You should check out swccgpc.com. The game is still alive and well, and a lot of fun, with new cards coming out all the time.

Jon Voisey said...

Terron, I'm familiar with the player's committee and am sadly disappointed. Towards the end of the Decipher run, they started at tendency towards download decks which, along with defensive shields, ruined a great deal of gameplay in my opinion. The PC has taken this even further.

One of the things that I always liked about Decipher's game was that old cards were still worthwhile as they were and old strategies were still competitive with a few new cards to boost them. But now, old decks can't compete with downloads that can setup an entire deck in a few turns and defensive shields that outright negate many old cards.

That's not the game I loved. Decipher started the push away, and the PC threw it over the edge.

Terron said...

Jon, I've heard that argument quite a lot, and I have to say I simply don't understand it. Downloading is an interesting idea, because it allows decks to have reliable setups, which gives decks clear themes. Once the setup is complete, the game comes down to really out-playing your opponent. Early Star Wars was very boring to me, because decks were just piles of good cards, and you hoped to have the good cards when you needed them. Now Star Wars is much more of a metagame, where picking the right deck archetype is very important, and identifying what archetypes your decks are weak against, then finding ways to construct and outplay those bad matchups. Of course, discovering new archetypes happens all the time, and it's very exciting. Decks that aren't setup-heavy are usually not competitive, but sometimes they are. Setups are card intensive, and the 60 card deck is the great equalizer of SWCCG decks. Mains decks with high efficiency sometimes do very well depending on the state of the metagame. I would never, ever go back to a game of SW where you have to pack 5 2/0 locations and pray to get them. Games ended on pure luck if you failed to get any 2/0s, if your opponent got all of his on turn 1, or if you drew too many 0s during key battles. (You may notice Decipher basically admitted this game design flaw when they put high destiny numbers on locations in Wars:TCG). The game now is much more skill based than it was when decks were piles of mains and 0s, or piles of high destiny cards and inserts, or piles of crappy chatacters and non-battleground force drain locations. I would strongly urge you to give it another shot.

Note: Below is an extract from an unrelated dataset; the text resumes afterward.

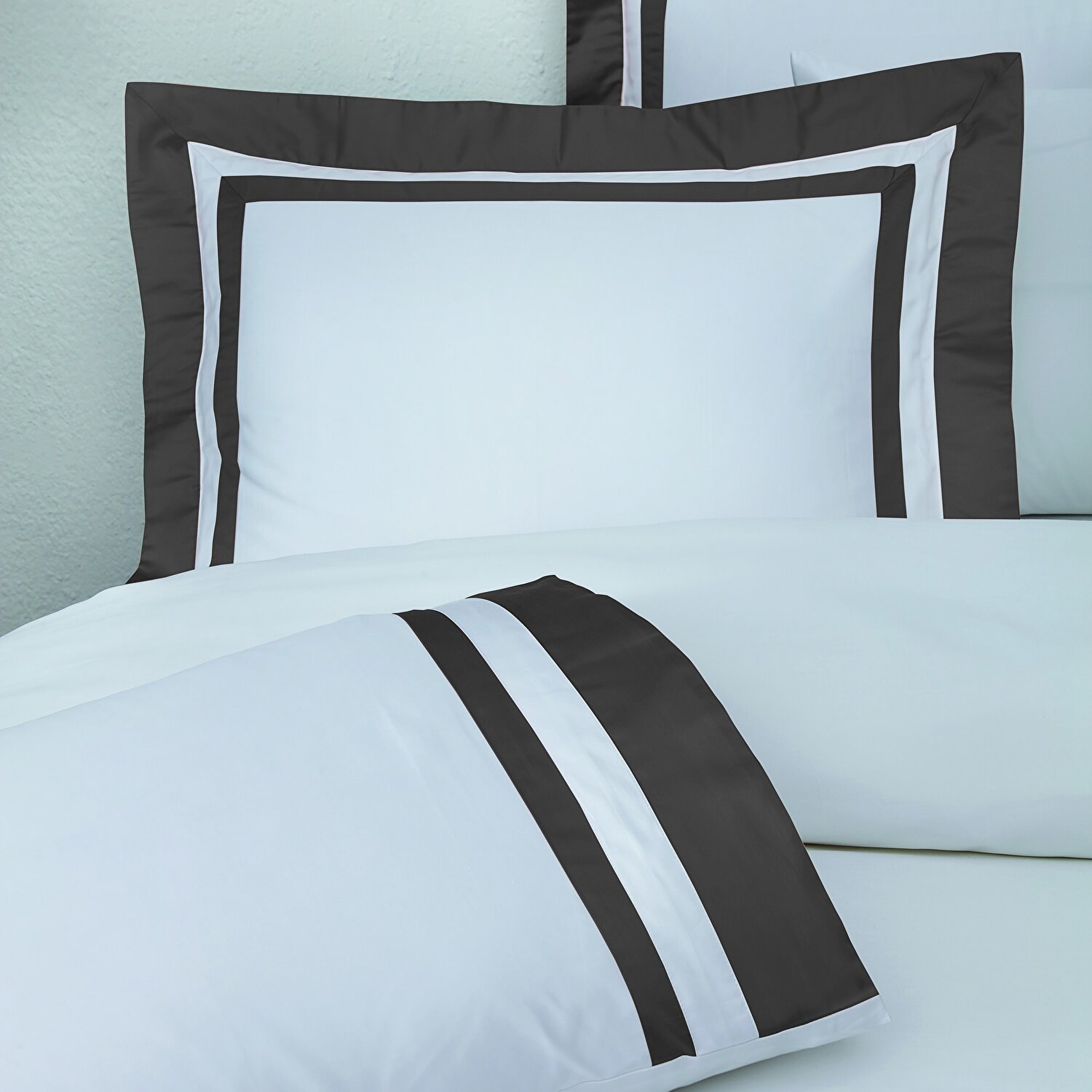 Valeron Nouveau Saten King Nevresim Takımı Antrasit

Also there are a fair number of ignorant assholes over on the PC forums that you could have a fun time bashing in the face with the mallet of science. If you're into that kind of thing. ;)

I actually found your blog accidentally looking for something totally unrelated to either SWCCG or astronomy, but I have some interest in both. I'll add you to my Reader feed.

Lee "Terron" Edwards

Jon Voisey said...

Terron, I'm familiar with the player's committee and am sadly disappointed. Towards the end of the Decipher run, they started at tendency towards download decks which, along with defensive shields, ruined a great deal of gameplay in my opinion. The PC has taken this even further.

One of the things that I always liked about Decipher's game was that old cards were still worthwhile as they were and old strategies were still competitive with a few new cards to boost them. But now, old decks can't compete with downloads that can setup an entire deck in a few turns and defensive shields that outright negate many old cards.

That's not the game I loved. Decipher started the push away, and the PC threw it over the edge.